Statin therapy was also under criticism, however far much less than beta blockers. This was secondary to, again, DECREASE III and IV trials, reporting an exaggerated benefit of statin therapy and combined beta-blocker/statin therapy, respectively [30][31]. Unfortunately, the results of most of the DECREASE trials were found to be fictitiously reported, and guidelines based on their findings were retracted [32]. Regardless, other trials have shown benefit in lowering risk of major cardiac complications in the perioperative vascular surgery and with patients with known CAD in the perioperative setting, although not as high as the DECREASE III and IV trials [33][34][33]. Guideline therapy suggests continuing statin on patients already on statins; initiation of statin is reasonable in patients undergoing vascular disease [16].

Alpha agonists (for example, clonidine) have no benefit in the perioperative setting to reduce major cardiac complications [35] and are not recommended for perioperative use [16]. Use of angiotensin-converting enzyme inhibitors (ACEI) is reasonable to continue if the patient is already on ACEI, although there is not a significant difference in the reduction of major cardiac complications [21].

Anticoagulants must be determined considering the clinical history and the surgical procedure to be done.
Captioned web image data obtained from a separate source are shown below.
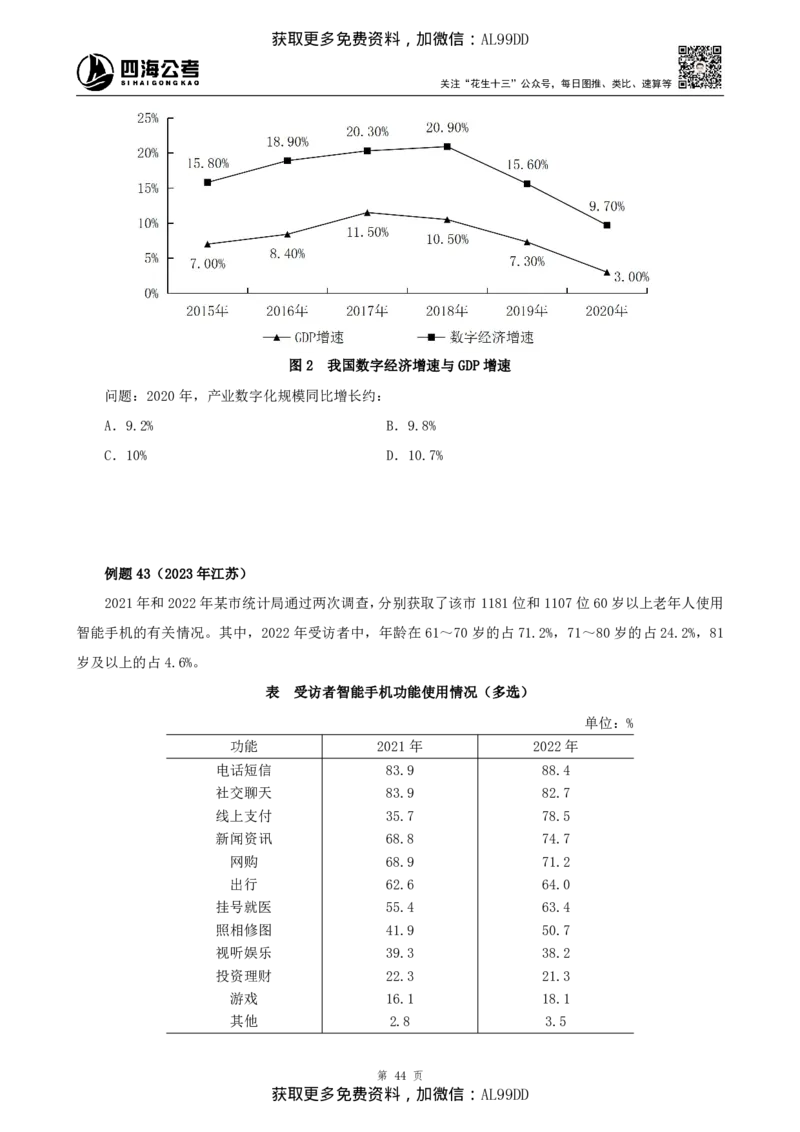 资料理论讲义四海2025下半年_2026考公资料_（01）花生十三_01系统班（2026版）花生十三旗舰班（行测+申论）_01、电子版讲义+题本_上课讲义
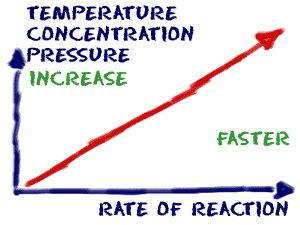 To measure reaction rates, chemists initiate the reaction, measure the concentration of the reactant or product at different times as the reaction progresses, perhaps plot the concentration as a function of time on a graph, and then calculate the change in the concentration per unit time. Chem4Kids.com: Reactions: Rates of Reaction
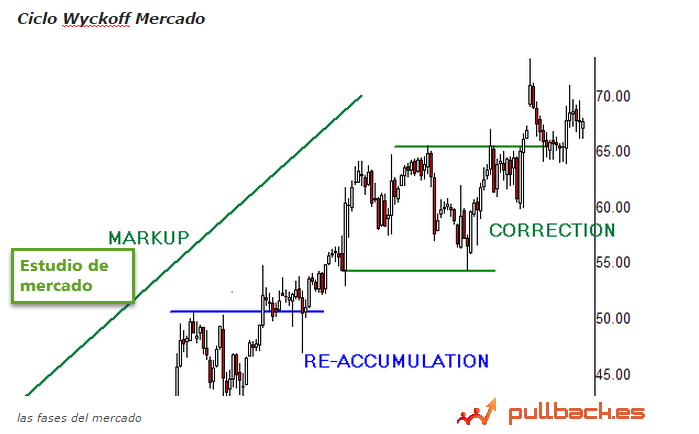 MarletingInet's tweet photo. Ganar dinero a través del indicador de Wyckoff https://t.co/oLCuQ6Dwy8 https://t.co/Dqg4bksWu3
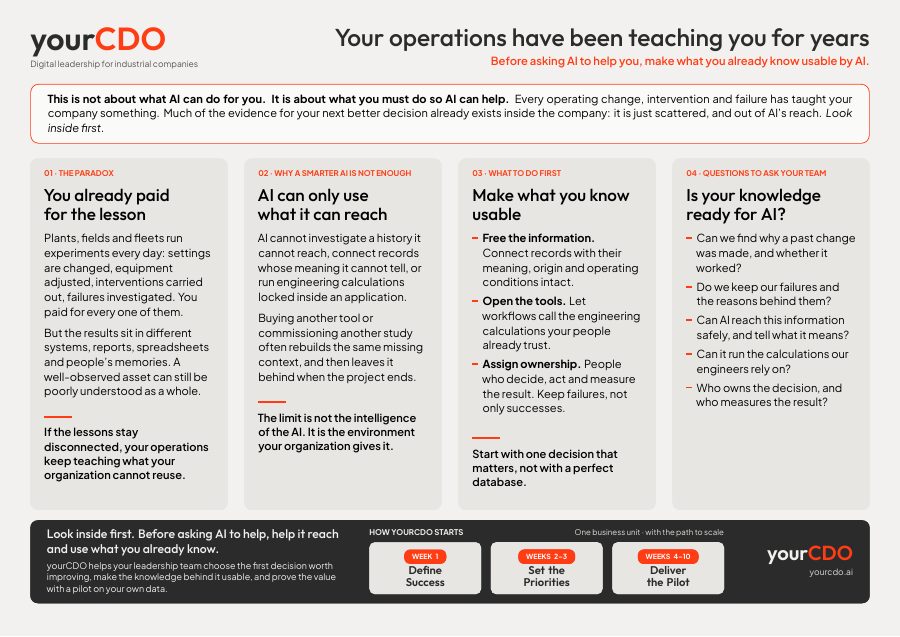 Preview of the brief: Your operations have been teaching you for years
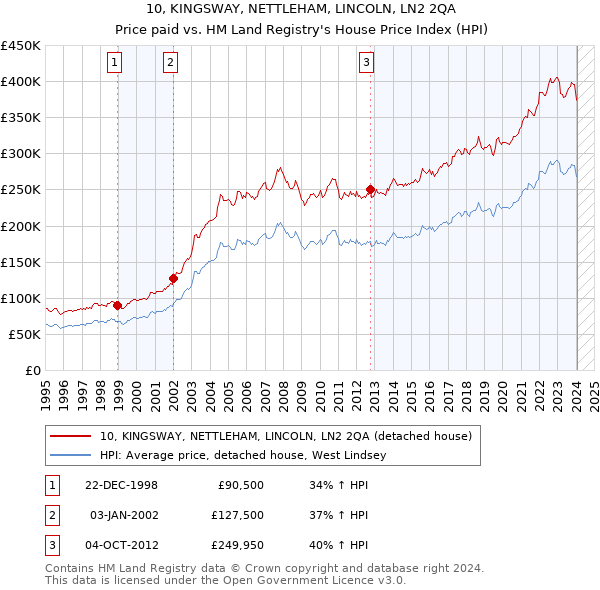 10, KINGSWAY, NETTLEHAM, LINCOLN, LN2 2QA: Price paid vs HM Land Registry's House Price Index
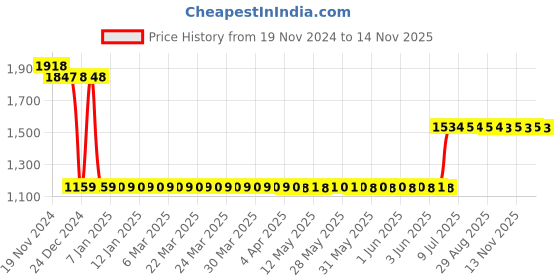 moglix.com L&a;T 15kA 16A Four Pole MCB, BB40160B l&a;t Price History Graph from 19 Nov 2024 to 14 Nov 2025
Surgical procedures with a low risk of bleeding may have anticoagulation continued. Patients with a high risk of thromboembolic disease (for example, patients with mechanical valves), it may be reasonable to continue anticoagulation if there is a low risk of bleeding. In general, therapeutic anticoagulants are discouraged because of their harmful effect on the ability to control and contain surgical blood loss [16]].
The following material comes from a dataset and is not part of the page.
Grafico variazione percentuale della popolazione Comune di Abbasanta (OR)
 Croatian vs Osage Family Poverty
The role of antiplatelet agents is focused on patients who are already on long-term antiplatelet therapy, usually in the context of prior cardiac stent placement. However, one study showed that even in patients with an elevated operative risk, aspirin in the perioperative setting does not reduce the rate of all-cause mortality or non-fatal myocardial infarction and is associated with an increased risk of major bleeding [36].  It is a class-III recommendation that the initiation or continuation of aspirin is not beneficial in patients undergoing elective noncardiac surgery who have not had previous coronary stenting unless the risk of ischemic events outweighs the risk of surgical bleeding.  It is a class-I recommendation that patients undergoing urgent surgery during the first 4 to 6 weeks after cardiac stent placement, dual antiplatelet therapy (DAPT) should be continued unless the relative risk of bleeding outweighs the benefit of the prevention of stent thrombosis. In patients with cardiac stents, if the surgical procedure requires discontinuation of DAPT, these patients should be continued on aspirin, and complete DAPT should be restarted as soon as possible [16].

Clinical Significance

Cardiac risk stratification is a very useful assessment and very patient-specific regarding the decision to proceed to surgery.  It is an assessment requiring the entire healthcare team to participate to provide the best care to our patients. Evidence-based guideline therapy is not all-inclusive, however, has brought us closer to providing prediction and expectation in the perioperative setting.  As continued research is performed, advancements in testing, improved patient care, and cost-effectiveness will bring us closer to risk reduction and making the best decision in the perioperative setting.